**WHAT TO WORK ON:**
Each line below must be transcribed exactly, and no picture may appear in the transcription.

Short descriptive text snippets
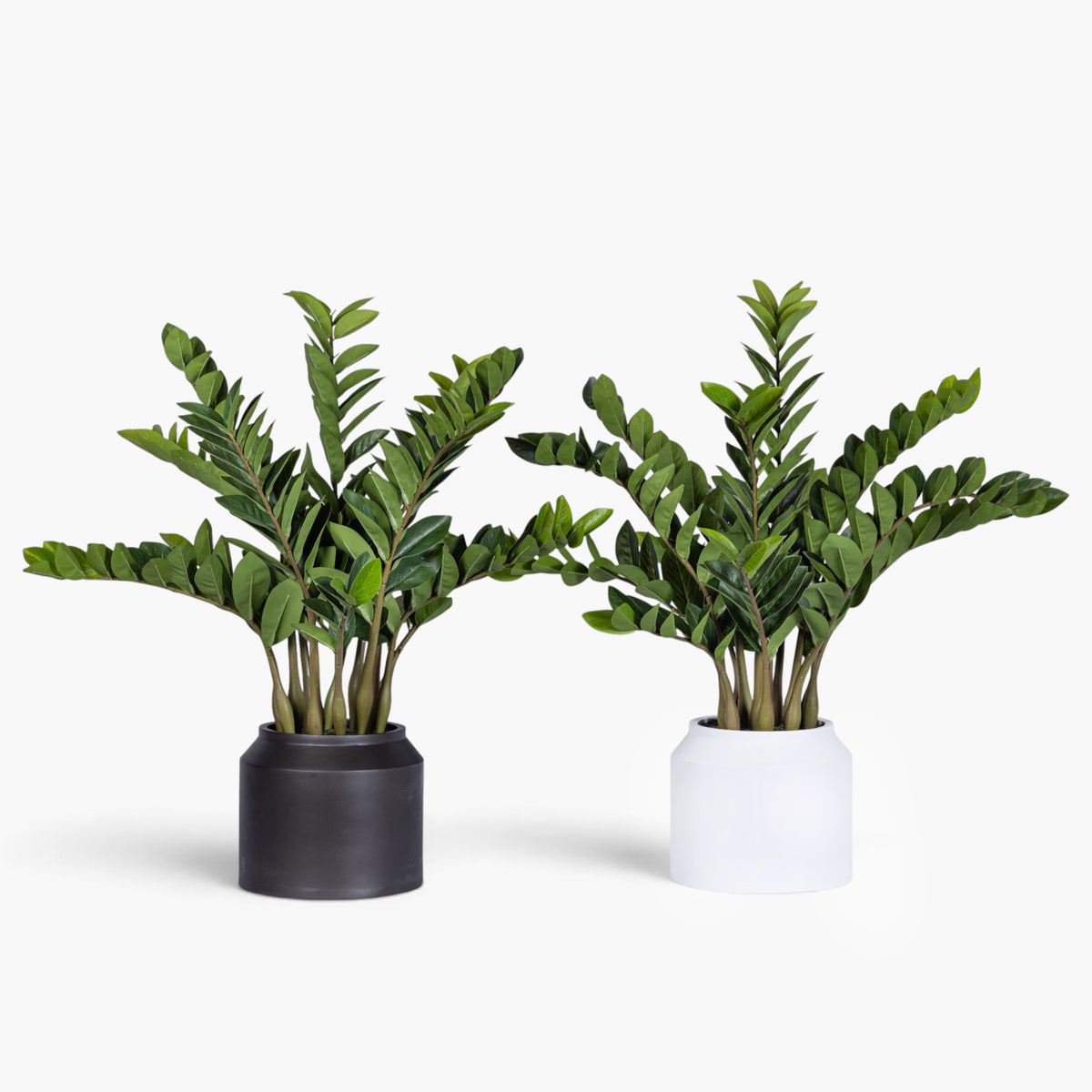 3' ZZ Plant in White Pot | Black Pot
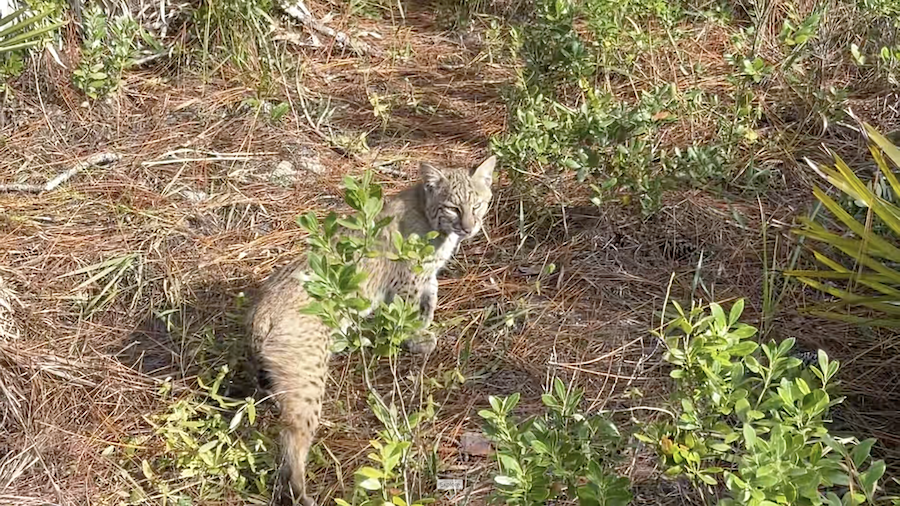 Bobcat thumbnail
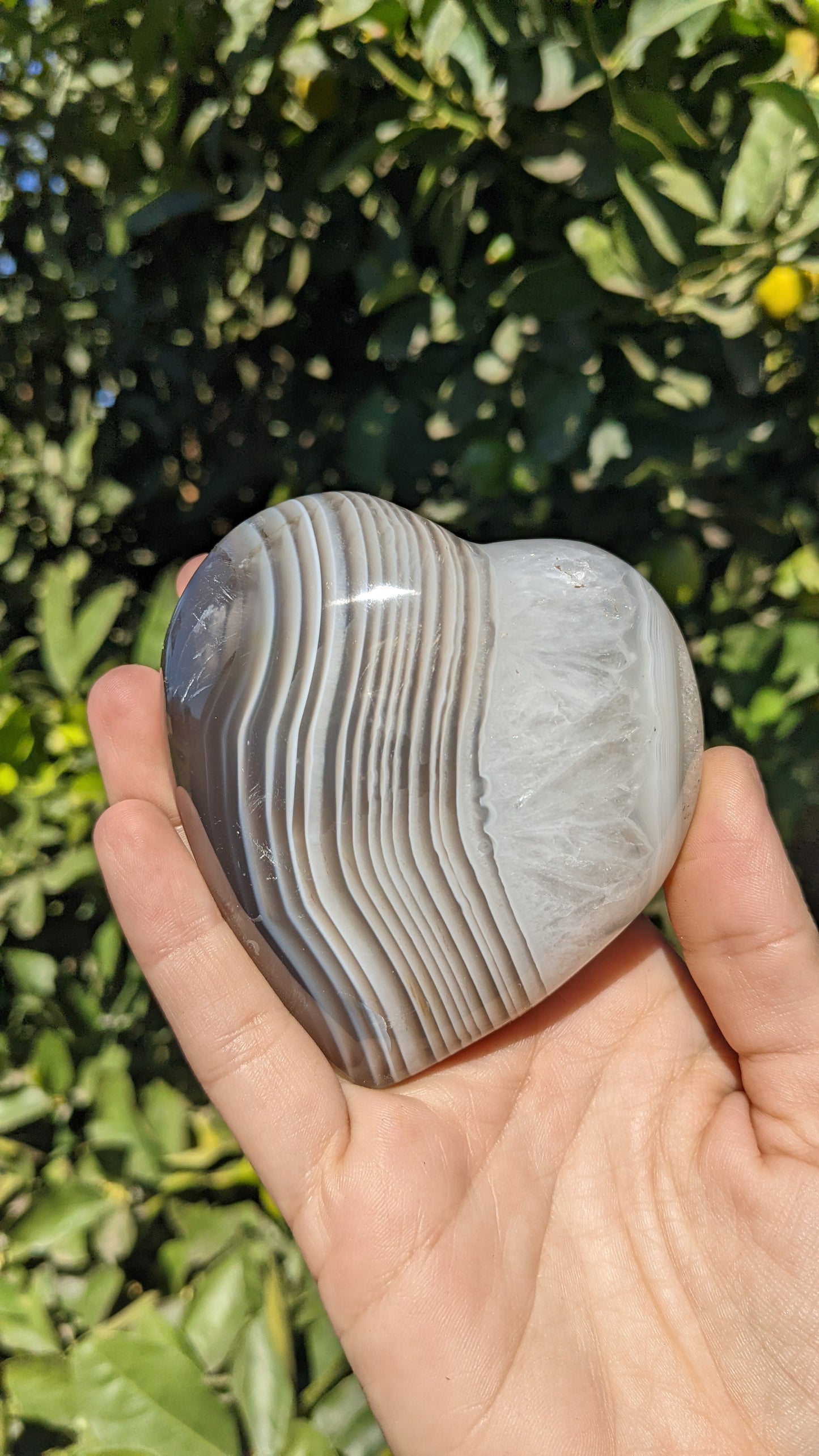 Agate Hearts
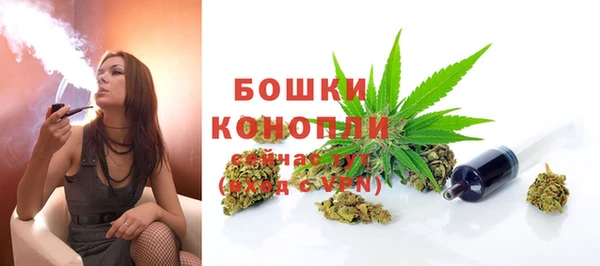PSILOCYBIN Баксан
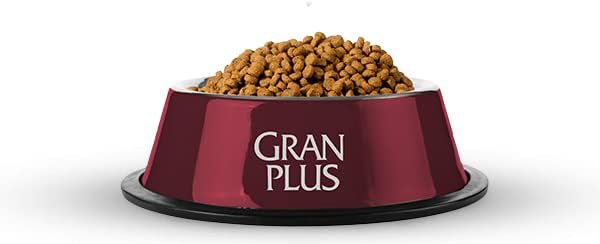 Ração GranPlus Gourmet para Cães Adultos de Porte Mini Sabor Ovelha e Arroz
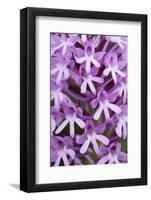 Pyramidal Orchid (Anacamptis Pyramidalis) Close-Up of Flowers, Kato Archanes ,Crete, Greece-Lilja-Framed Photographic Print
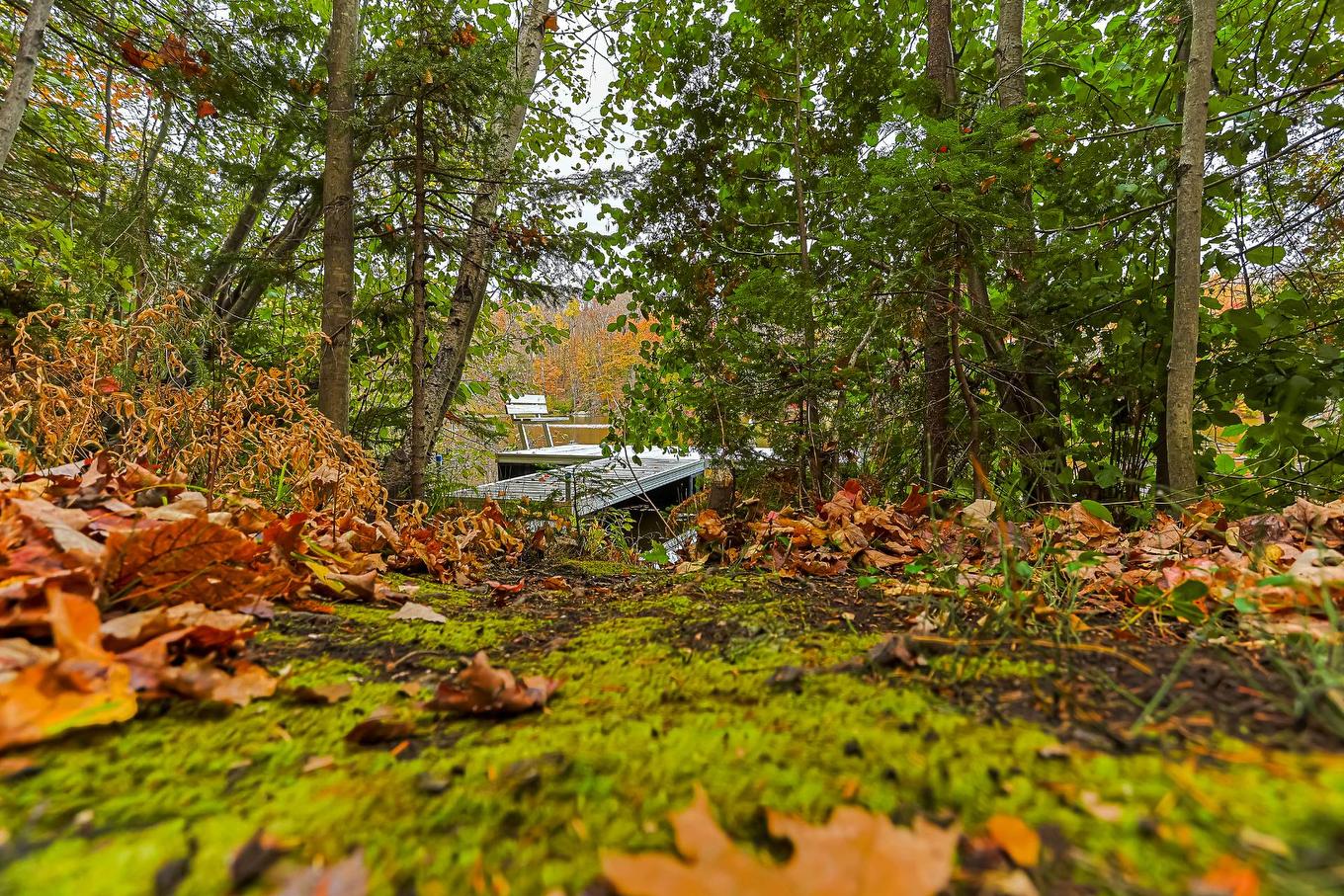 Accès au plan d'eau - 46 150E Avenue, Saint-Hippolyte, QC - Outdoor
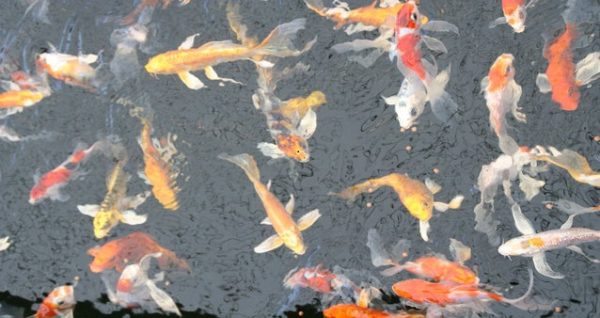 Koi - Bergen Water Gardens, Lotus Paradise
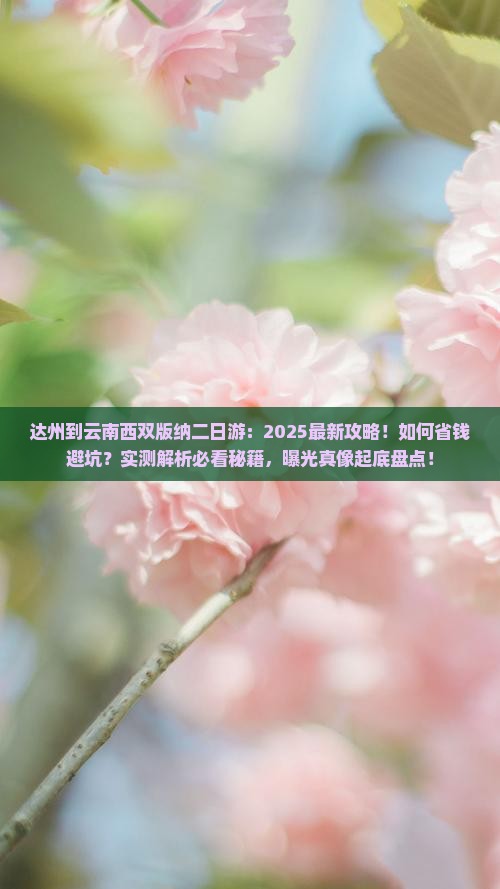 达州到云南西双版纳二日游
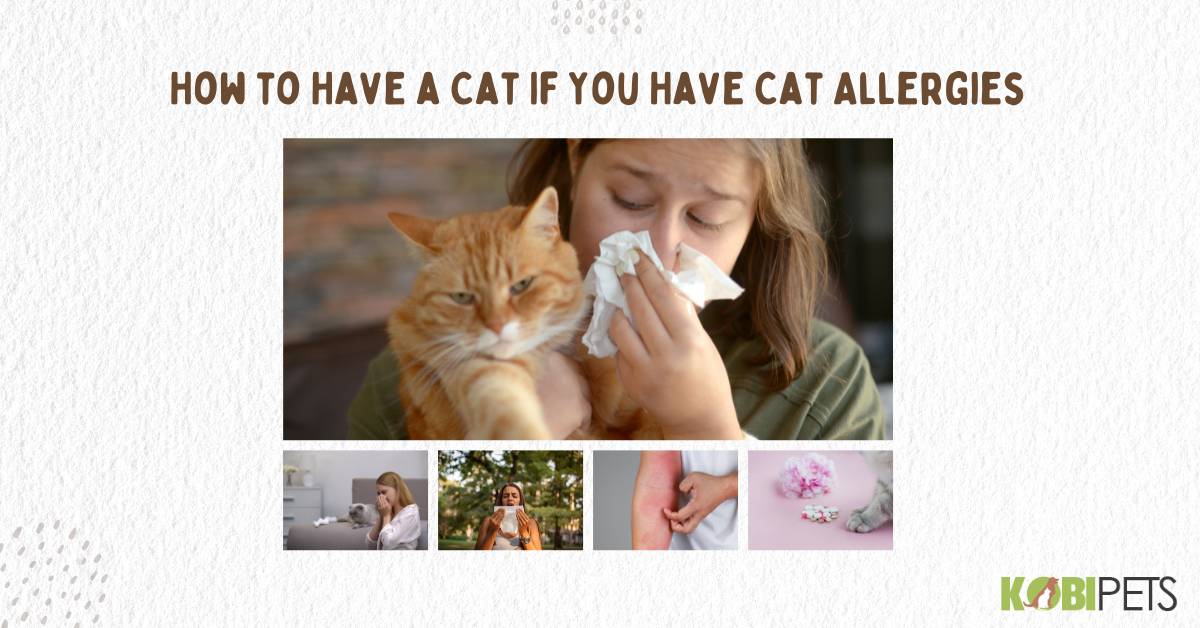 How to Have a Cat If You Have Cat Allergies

**RESPONSE BELOW:**
 3' ZZ Plant in White Pot | Black Pot
 Bobcat thumbnail
 Agate Hearts
PSILOCYBIN Баксан
 Ração GranPlus Gourmet para Cães Adultos de Porte Mini Sabor Ovelha e Arroz
 Pyramidal Orchid (Anacamptis Pyramidalis) Close-Up of Flowers, Kato Archanes ,Crete, Greece-Lilja-Framed Photographic Print
 Accès au plan d'eau - 46 150E Avenue, Saint-Hippolyte, QC - Outdoor
 Koi - Bergen Water Gardens, Lotus Paradise
 达州到云南西双版纳二日游
 How to Have a Cat If You Have Cat Allergies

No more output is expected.